### [Task details]
Transcribe, starting at the line with "Developer Indie dan" and ending at the line with "3913 EGREMONT ROAD - Image 8", every line of the material below exactly, but leave out the pictures and anything outside that span.
◆ ◆ ◆ ◆ ◆
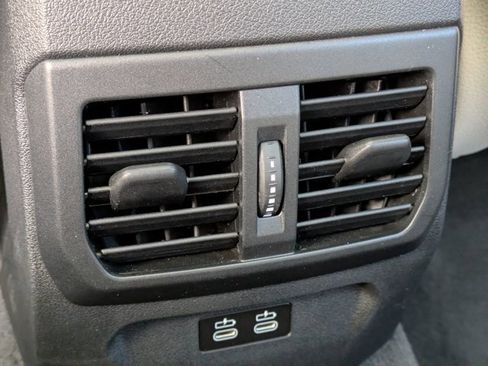 Used 2023 BMW 228i Gran Coupe w/ M Sport Package image 18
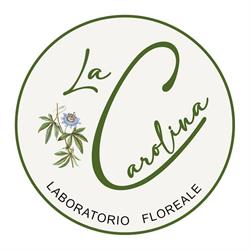 La Carolina Laboratorio Floreale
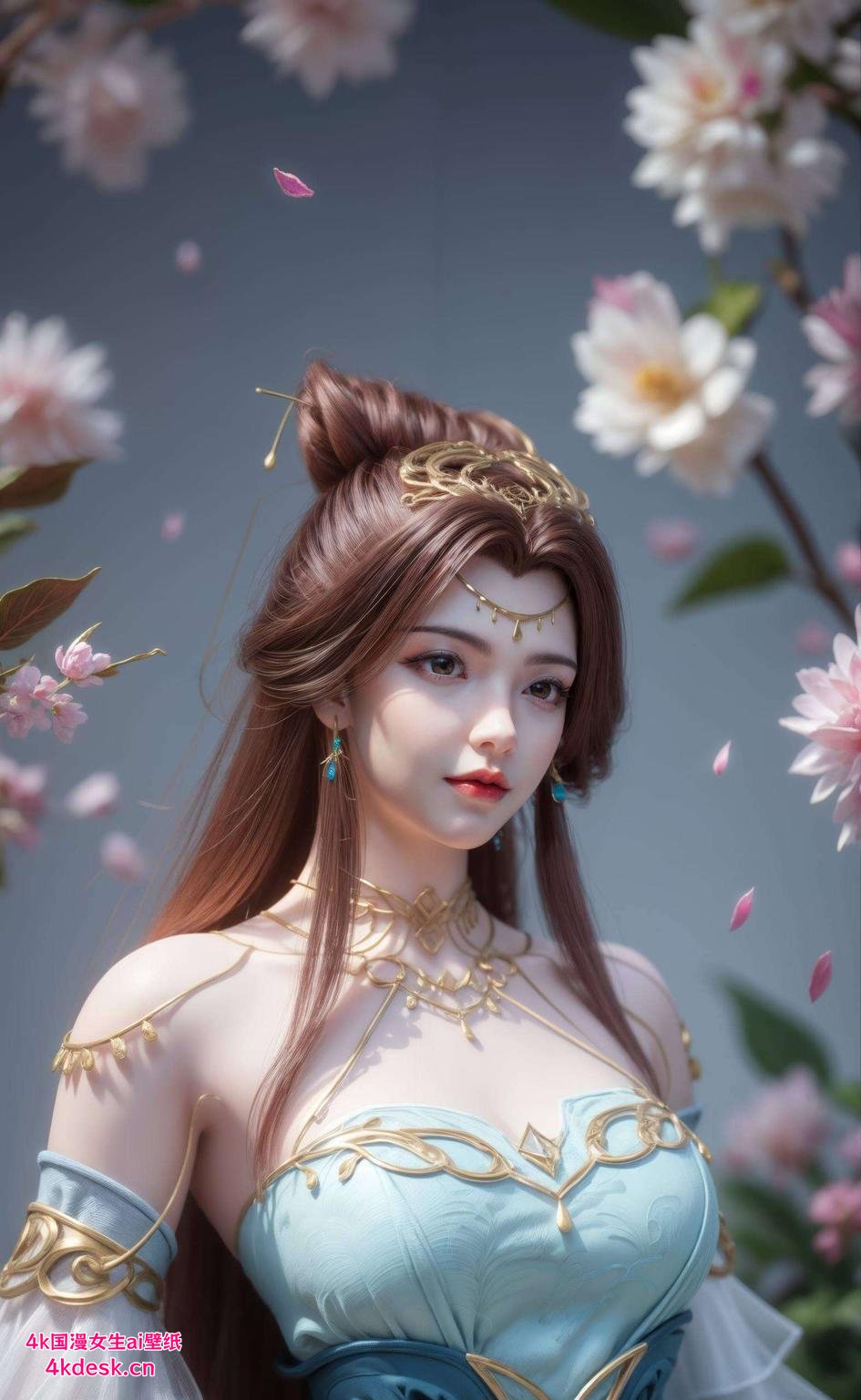 “大家好让你的眼睛享受视觉盛宴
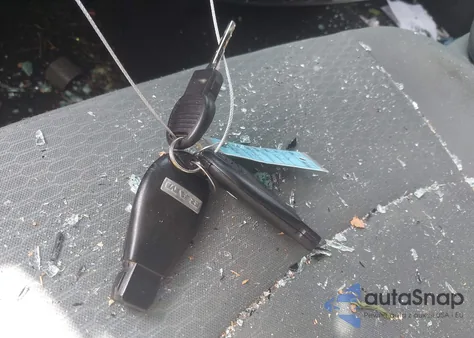 2017 Ram 1500 Express 4X4 6'4 Box из США, поврежденный, VIN 1C6RR7FG9HS667389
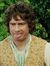 bilbo b...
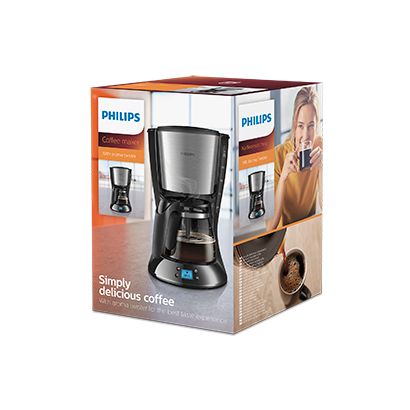 Philips Daily Collection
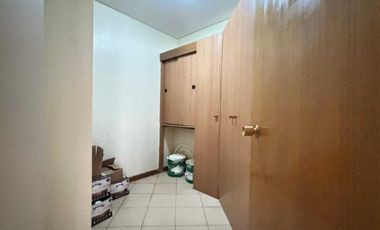Departamento en arriendo en TEMUCO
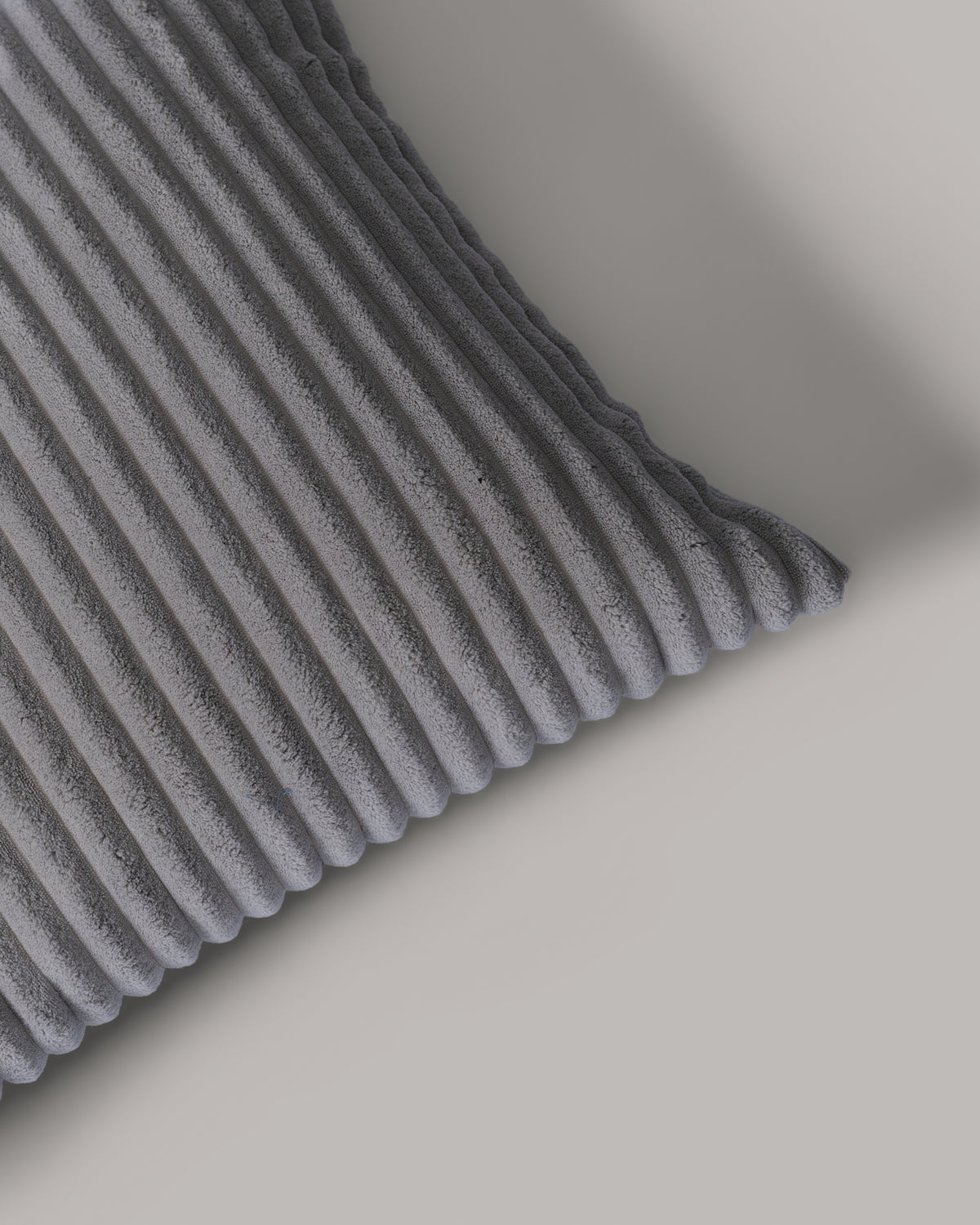ecomposer-color-grey,ecomposer-size-45cm-x-45cm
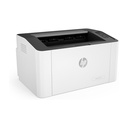 HP Laser 107a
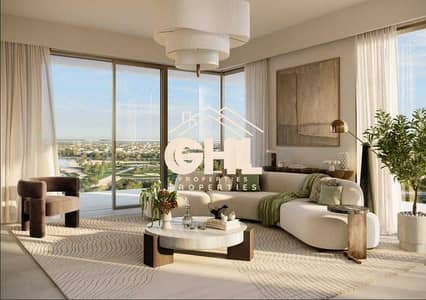 3 Bedroom Apartment for Sale in Dubai Creek Harbour, Dubai - Luxury 3-Bedroom + Maid | Silva by Emaar | Prime Creek Harbour Location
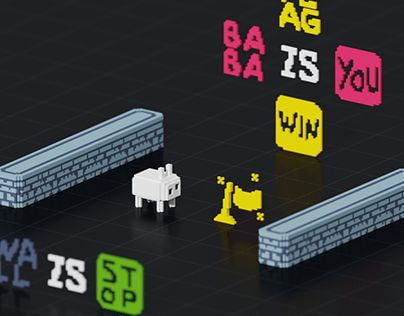 Developer Indie dan Eksperimen Gila Mereka dalam Desain Game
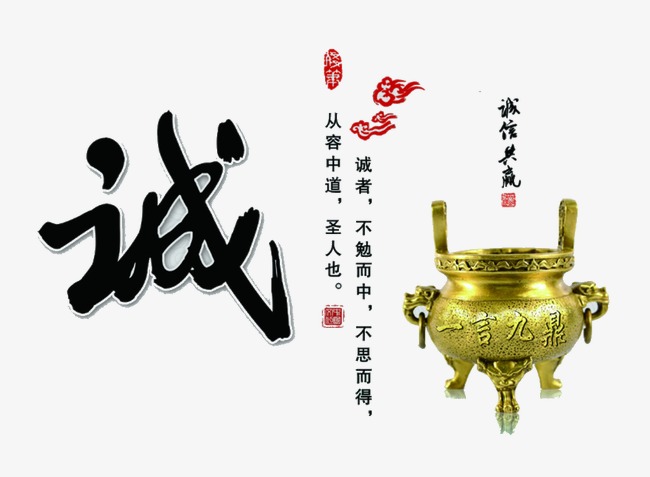 古冶要债公司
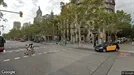 Kontoreiendom til salgs, Barcelona, &lt;span class=&quot;blurred street&quot; onclick=&quot;ProcessAdRequest(3224416)&quot;&gt;&lt;span class=&quot;hint&quot;&gt;Se gatenavn&lt;/span&gt;[xxxxxxxxxx]&lt;/span&gt;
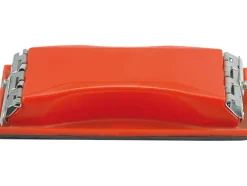 BLOK ŚCIERNY 160X85 MM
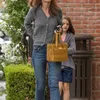 Suri Cruise Makin Cantik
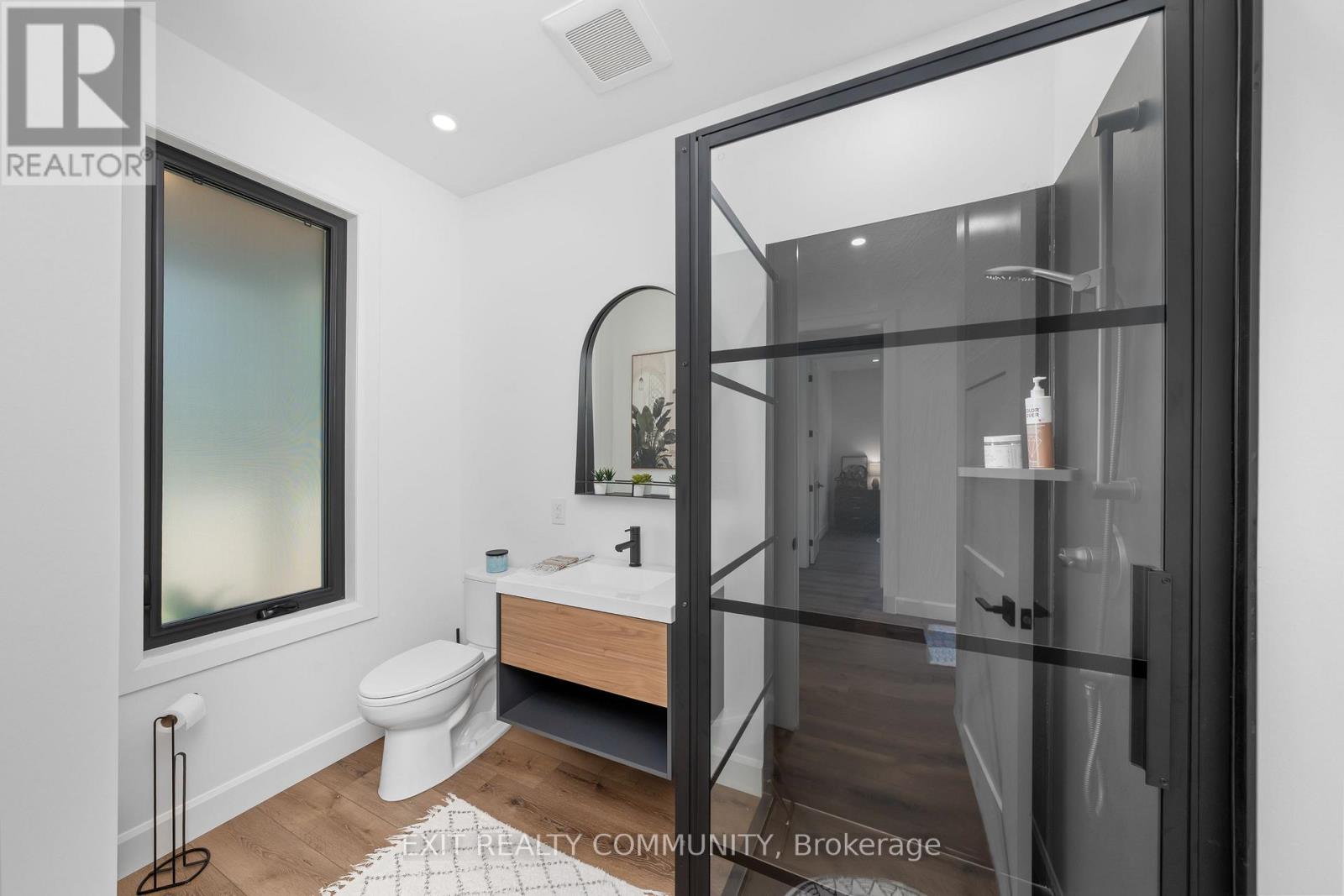 3913 EGREMONT ROAD - Image 8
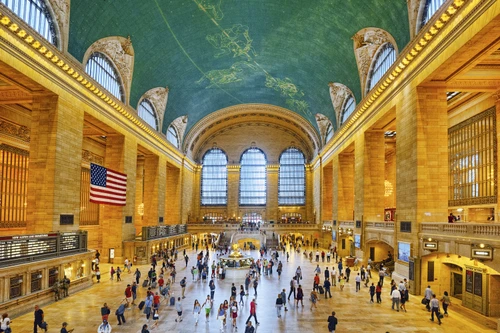 1 grand central shutterstock 1124837456 jpg jpeg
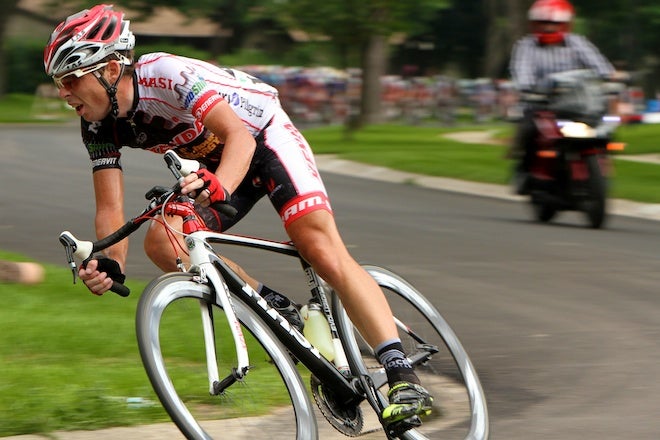 2011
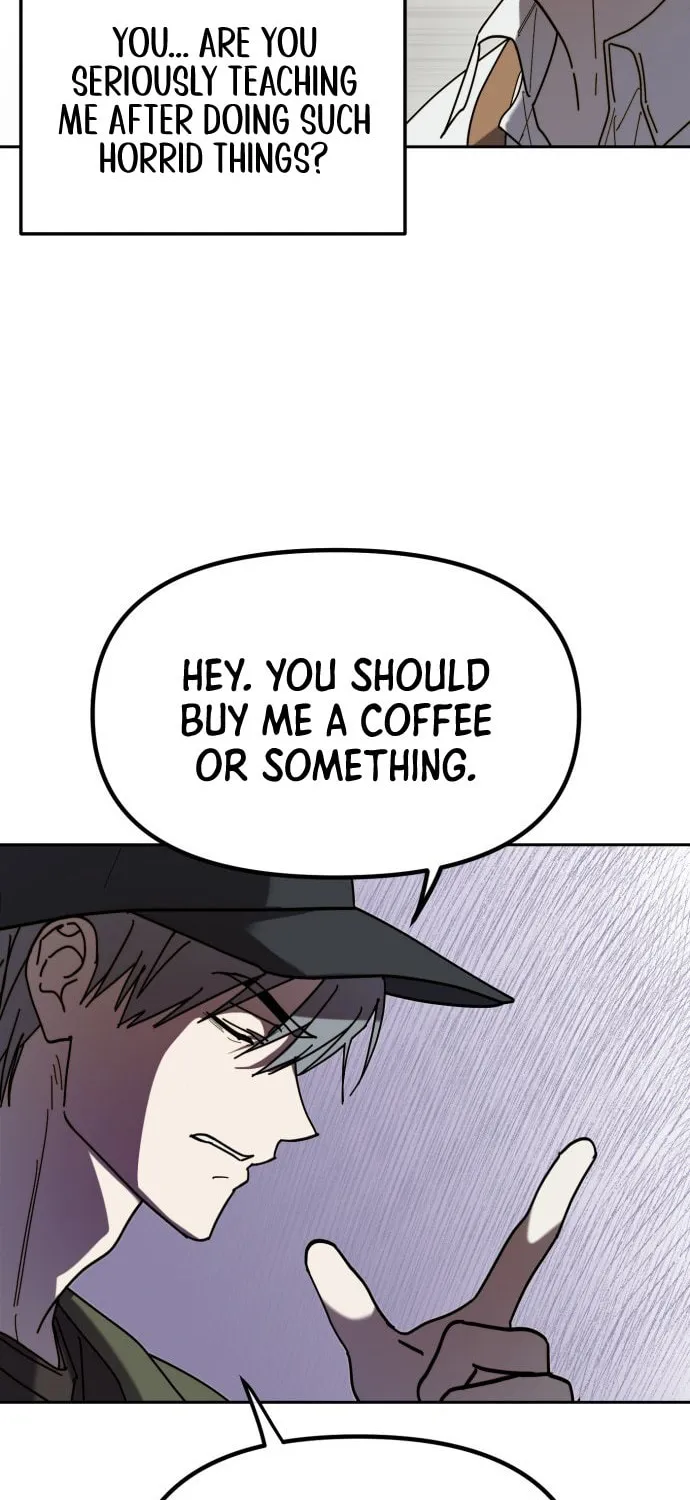 I Became the Youngest Member of Top Idol Chapter 1 page 81 - 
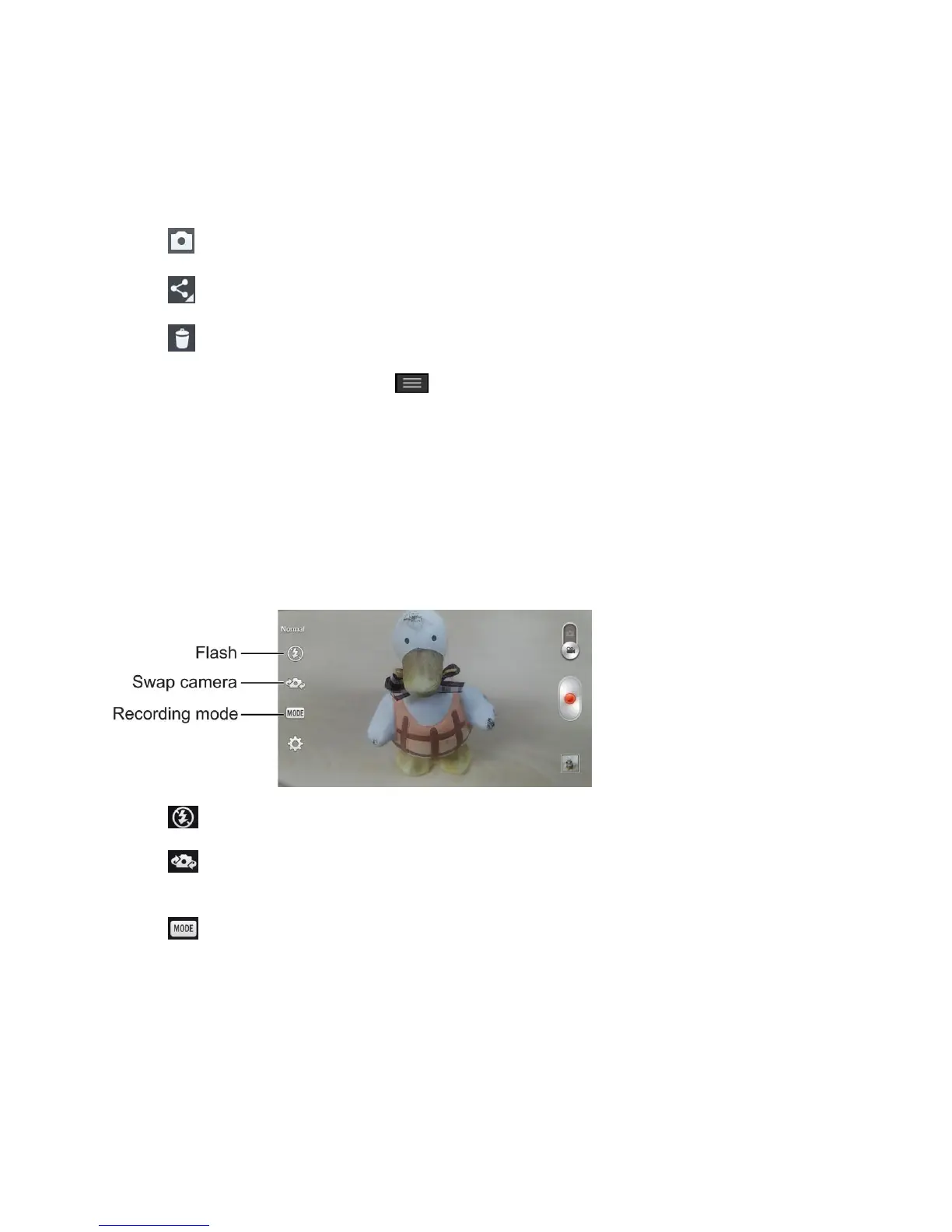 Page #96 background image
◆ ◆ ◆ ◆ ◆
### [Written response]
 Developer Indie dan Eksperimen Gila Mereka dalam Desain Game
 古冶要债公司
 Kontoreiendom til salgs, Barcelona, &lt;span class=&quot;blurred street&quot; onclick=&quot;ProcessAdRequest(3224416)&quot;&gt;&lt;span class=&quot;hint&quot;&gt;Se gatenavn&lt;/span&gt;[xxxxxxxxxx]&lt;/span&gt;
 BLOK ŚCIERNY 160X85 MM
 Suri Cruise Makin Cantik
 3913 EGREMONT ROAD - Image 8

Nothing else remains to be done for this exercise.